Start by prepping the fillings of the Wellington.
Lentils: Sauté one large carrot, one large celery stalk in 2 tbsp butter until tender. Add 2/3 cup lentils (I used multicolor), 2 cups water, 2tsp worchestrire, 1.5 tsp non chicken boullion, 1.5 tsp garlic powder, 1 tsp onion powder, 1/2 tsp paprika, 1/2 tsp sage, 1/2 tsp thyme, 1/4 tsp black pepper, salt to taste. Get it to a boil, then simmer for 15-20 minutes until lentils are cooked and all liquid is absorbed/evaporated. Add in 2 cups chopped kale and 1/2 cup chopped sunflower seeds. Stir then cover for 5 minutes. Mix inn 1/4 cup panko crumbs then let cool.
Potatoes: Peel and dice 2 sweet potatoes, toss inn olive oil, salt, and pepper. Roast at 400F for 40 min, mixing halfway through. Broil on low for a few min if not crispy yet (but keep a close eye to avoid burning the edges). Let cool.
Onions: Sauté 2 medium sliced onions in 2 tbsp butter on medium low, stirring frequently, until caramelized. Let cool.
Assemble and bake Wellington
Thaw puff pastry according to package directions. Lay the pastry out on a silicone mat on a cookie sheet.
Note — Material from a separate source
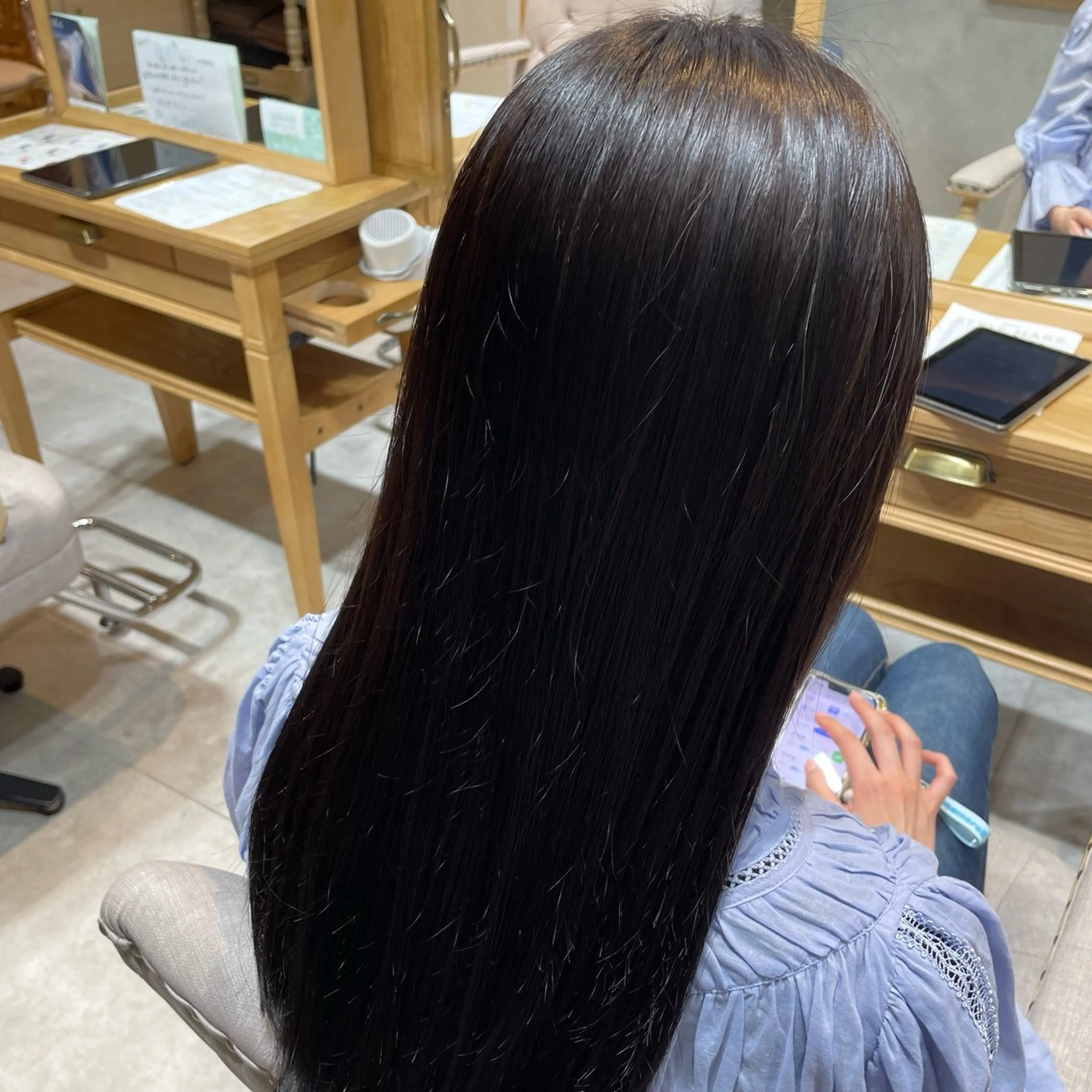 カラー ヘアカラー 佐々木 悠莉のヘアスタイル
Overlap two sheets by about 1.5 inches to make one large sheet, and stretch them slightly to fit the width and length of the pan.
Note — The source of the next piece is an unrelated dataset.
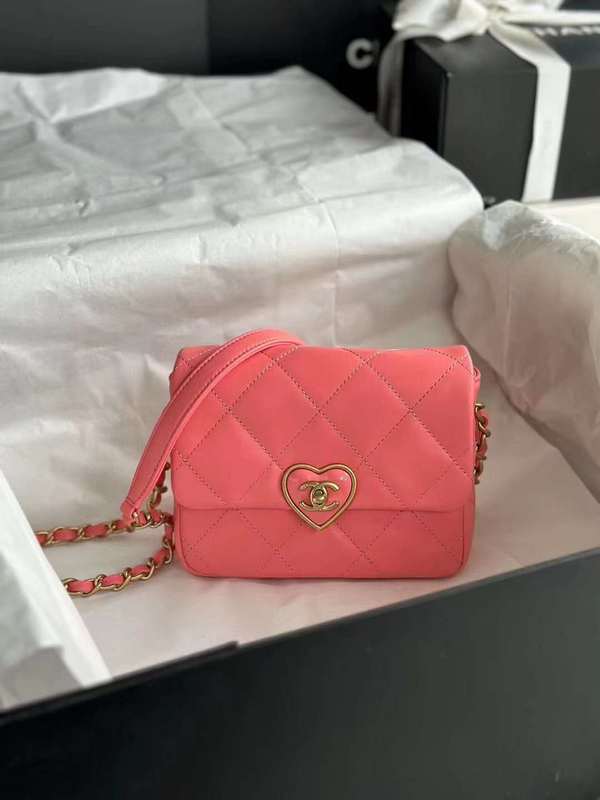 Zivas Charm Modern Minimalist Look Luxury Handbag (Thoughtfully Structured Design) – Detail View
Scoop half of the lentil mixture into the center of the pastry lengthwise. Then layer crumbled aged ricotta cheese, caramelized onions, and roasted sweet potatoes. Cover with the remaining lentils. Coat the edges with an egg wash (egg and water) and wrap up the sides of the Wellington to form a log. Make sure the edges seal, roll it over, and crimp the edges. Score the top with a sharp knife in any design. Brush with more egg wash and bake at 350F for 30 minutes, or until crispy and warm.